▶ _TASK_
The answer is the line with "Внутрішній блок LG MS18AWW" and every line after it to the end of the listing, retyped exactly. Pictures do not belong in it.

▶ _DATA TO EXAMINE_
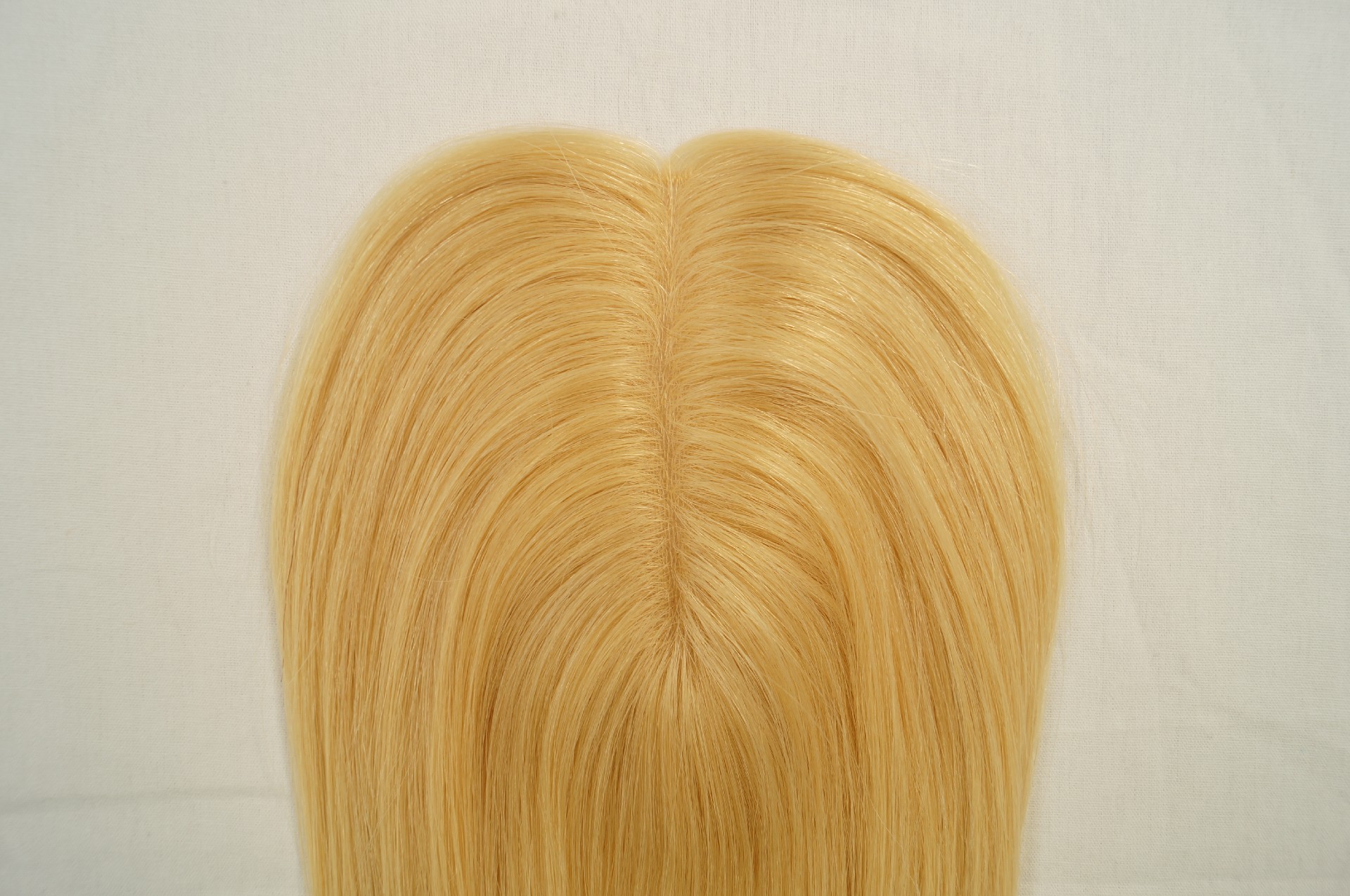 16inch 4.75X2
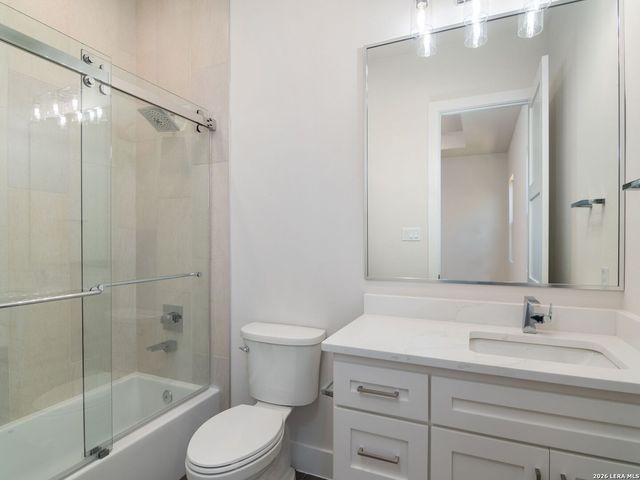 34 Vintage Trace, San Antonio, TX 78257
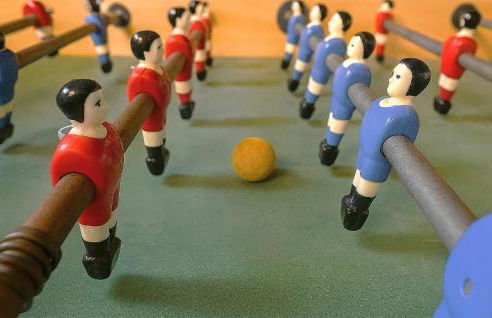 Maison Cosy Proche Mer - Foto 35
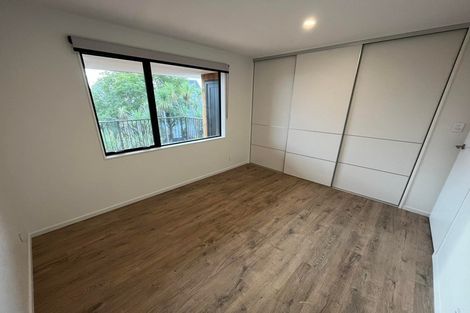 Photo of property in 49 Moncks Spur Road, Redcliffs, Christchurch, 8081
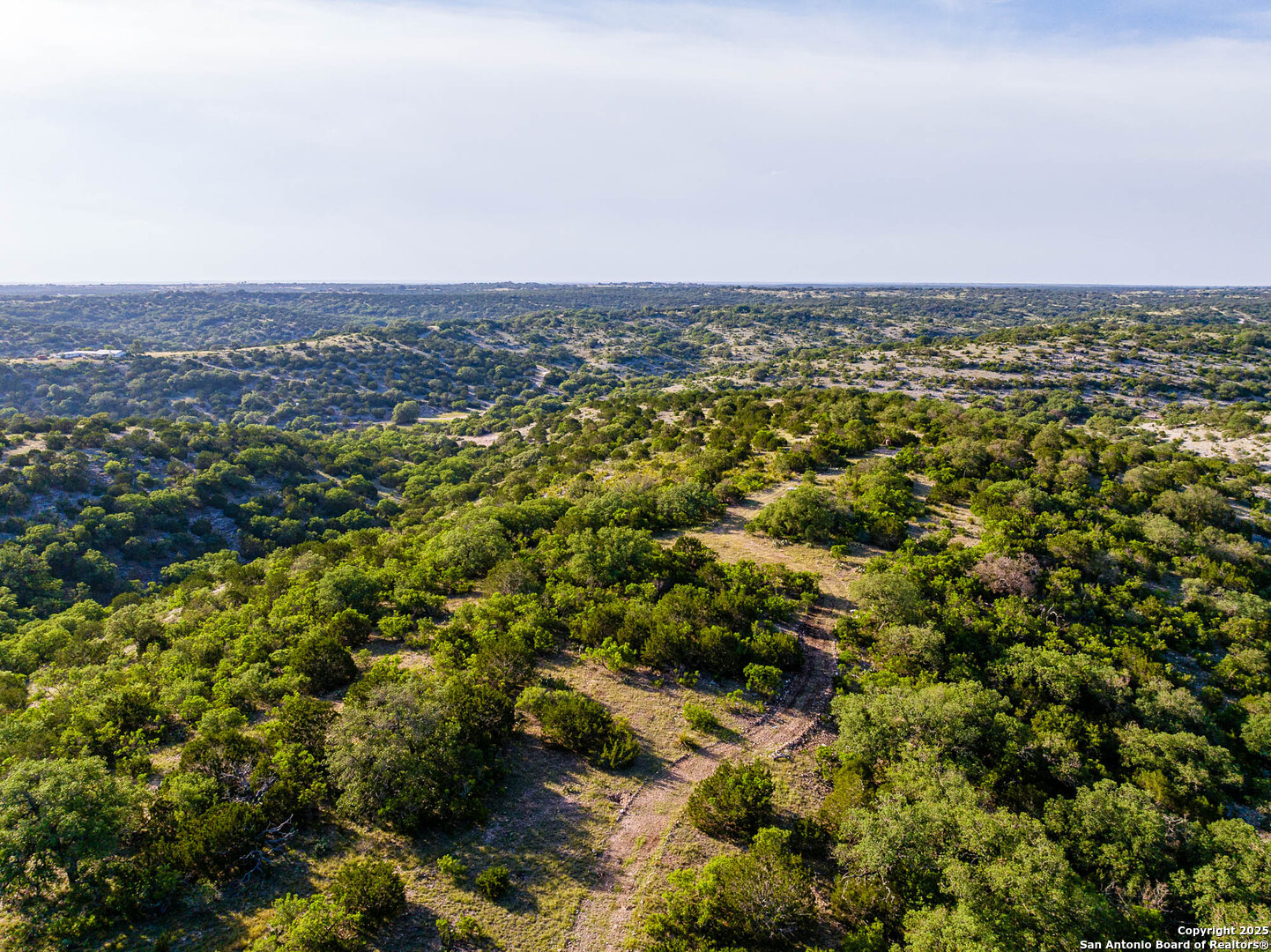 14910 Bullhead Rd, Rocksprings, TX, 78880 | 1876630 | Realty Texas LLC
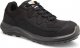 Carhartt Buty Carhartt Jefferson Rugged Flex S3 BLACK 1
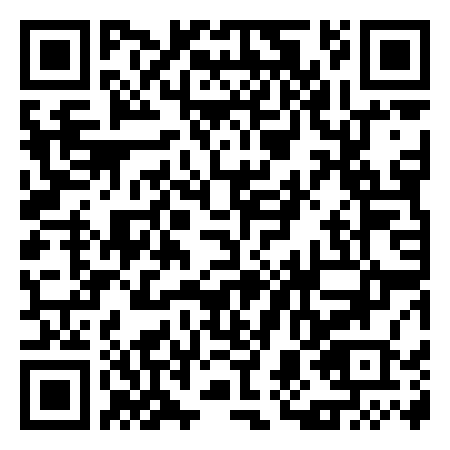 QR Code de Chiesa Cattolica Basilica Parrocchia dei Santi Nereo e Achilleo
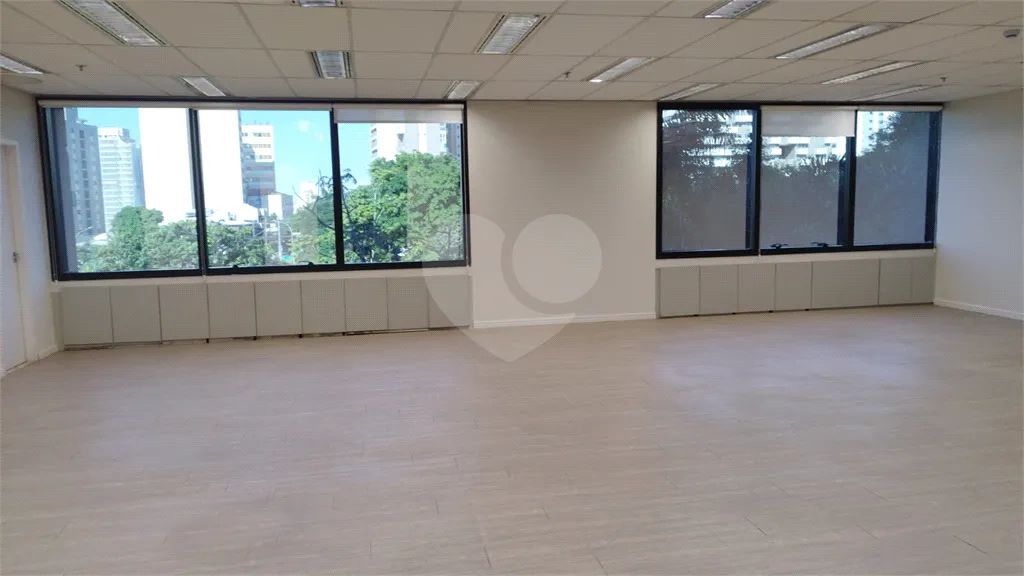 Salas para locação em Paraíso - SP - Foto 5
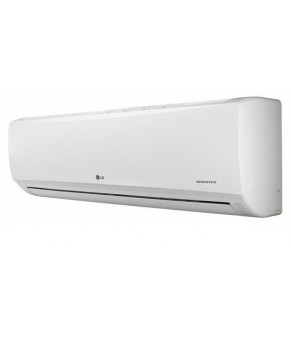 Внутрішній блок LG MS18AWW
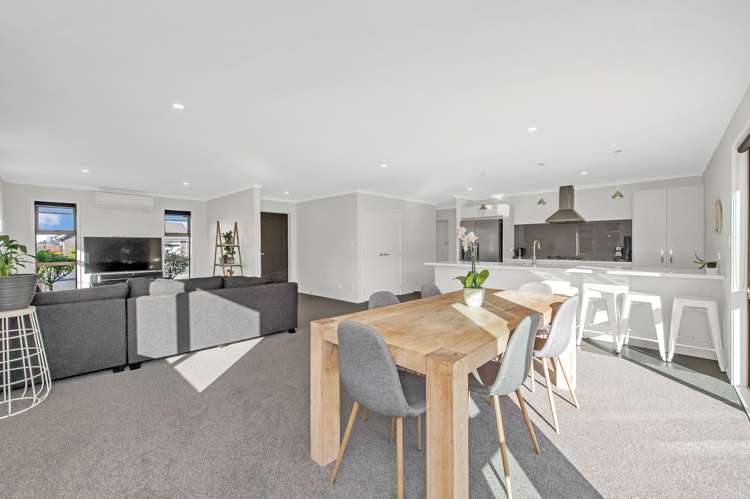 44 Lignite Drive Rolleston_6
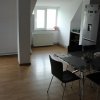 Apartament 3 camere Exercitiu, mobilat, utilat thumb 10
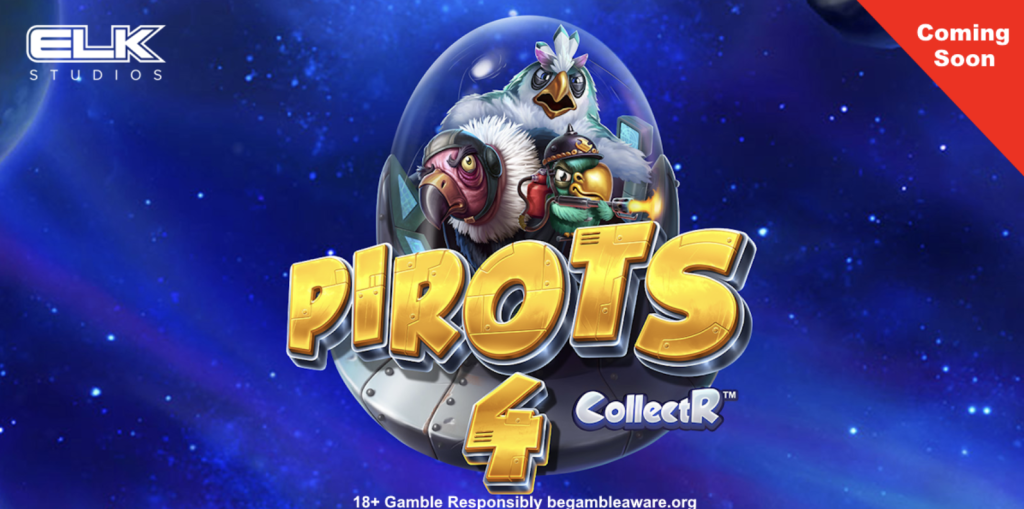 CollectR™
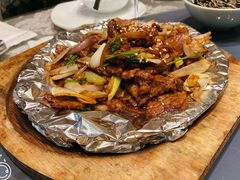 -丽华园(青少年宫店)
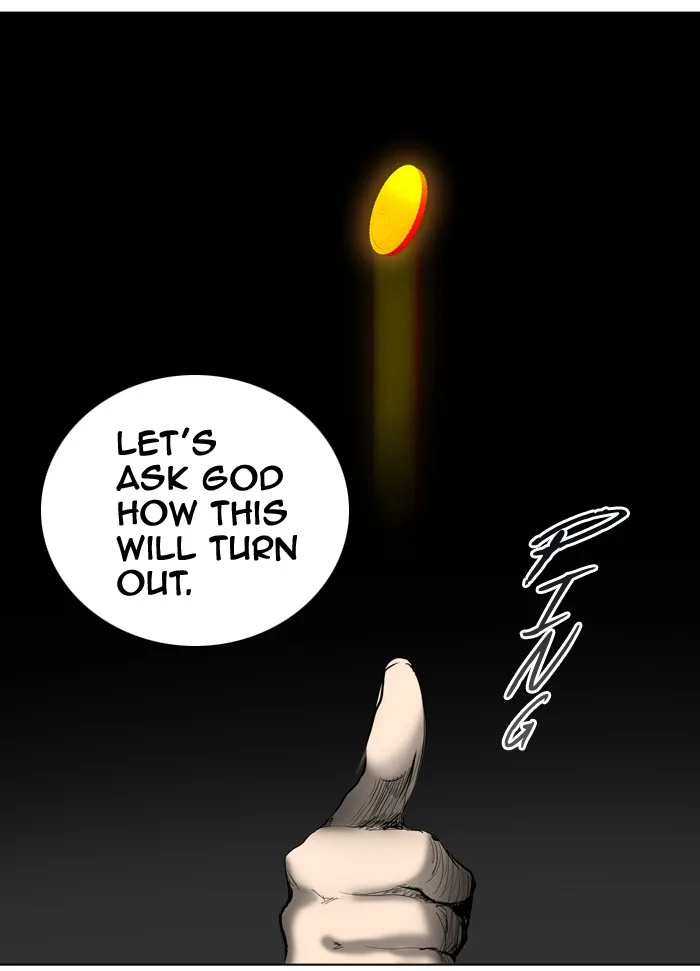 Tower of God - Chapter 265 - Page 65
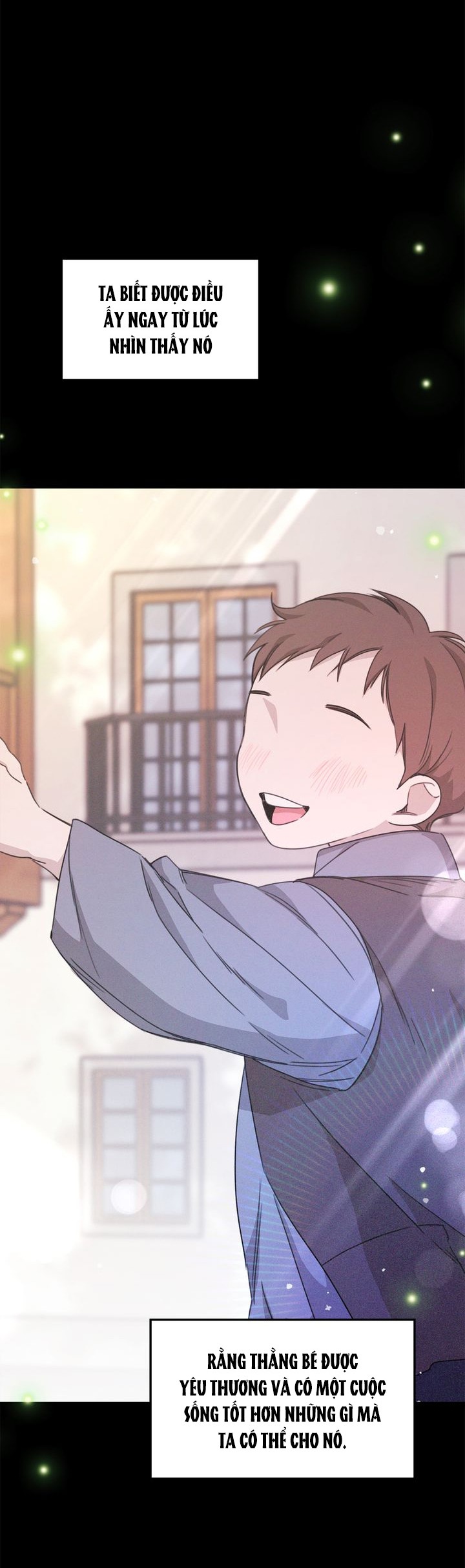 quán trọ dragondaily chapter 51 17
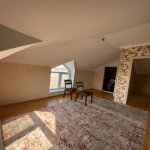 Satılır 4 otaqlı Həyət evi/villa, Binə qəs., Xəzər rayonu 7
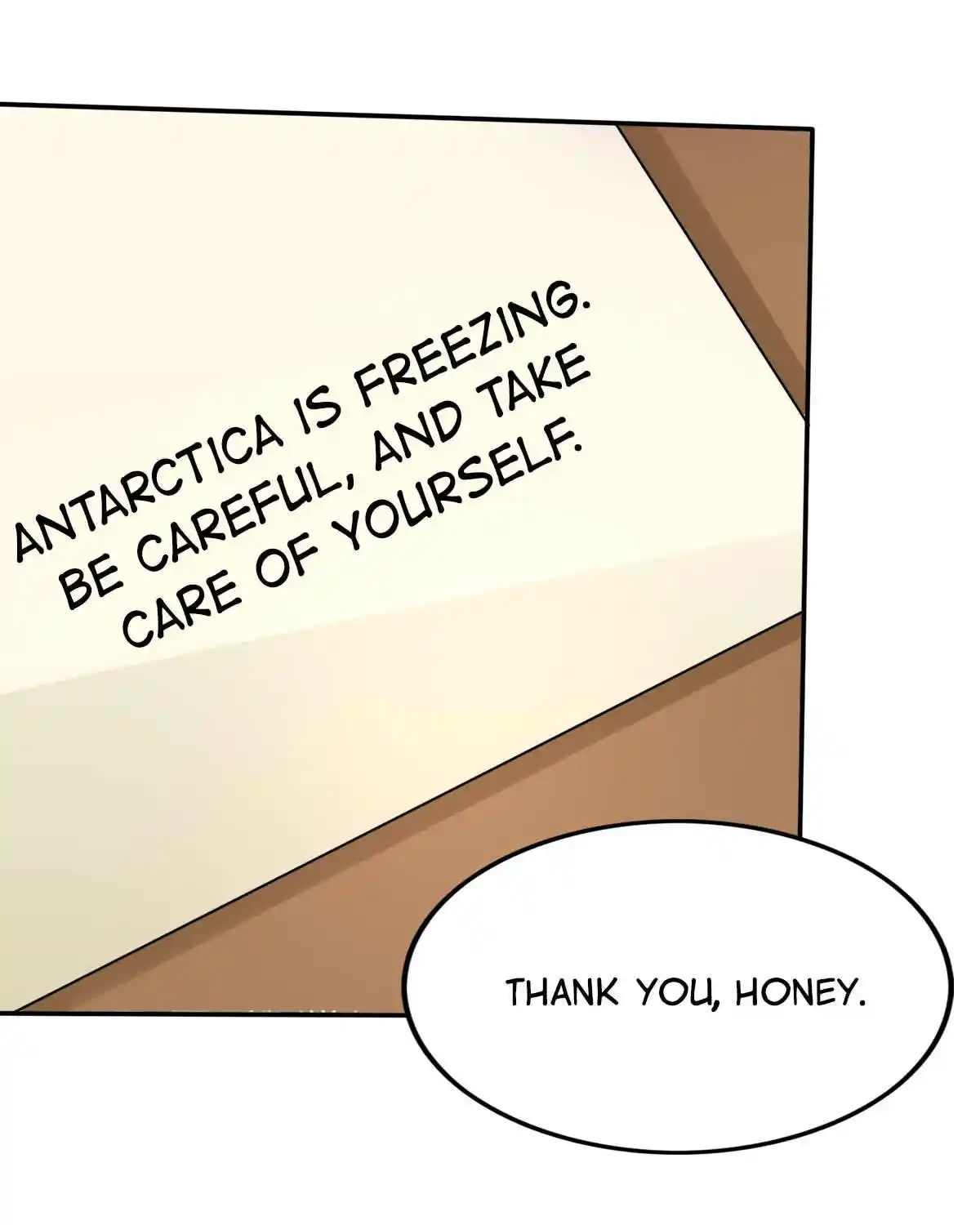 Peerless Miracle Doctor’s Adventures in the City 222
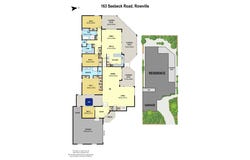 163 Seebeck Road, Rowville, Vic 3178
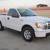 2014 Ford F-150 XL 6.5-ft. Bed 2WD 6 thumbnail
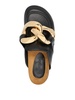 Maxi chain mules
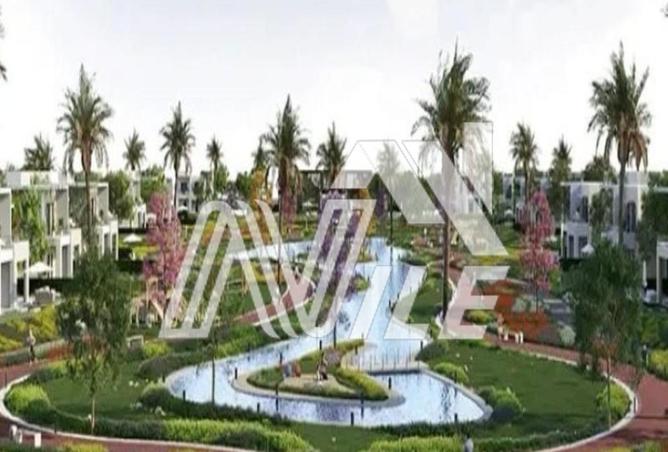 7973685 - صورة العقار 3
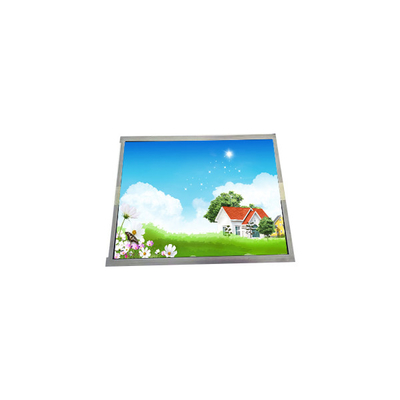 良い値段 15.0インチ LQ150X1LW85 LCD画面 パネル 医療用 オンライン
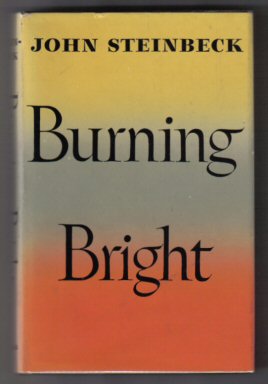 Steinbeck_Burning_Bright.jpg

▶ _EXERCISE ANSWER_
 Внутрішній блок LG MS18AWW
 44 Lignite Drive Rolleston_6
 Apartament 3 camere Exercitiu, mobilat, utilat thumb 10
 CollectR™
 -丽华园(青少年宫店)
 Tower of God - Chapter 265 - Page 65
 quán trọ dragondaily chapter 51 17
 Satılır 4 otaqlı Həyət evi/villa, Binə qəs., Xəzər rayonu 7
 Peerless Miracle Doctor’s Adventures in the City 222
 163 Seebeck Road, Rowville, Vic 3178
 2014 Ford F-150 XL 6.5-ft. Bed 2WD 6 thumbnail
 Maxi chain mules
 7973685 - صورة العقار 3
 良い値段 15.0インチ LQ150X1LW85 LCD画面 パネル 医療用 オンライン
 Steinbeck_Burning_Bright.jpg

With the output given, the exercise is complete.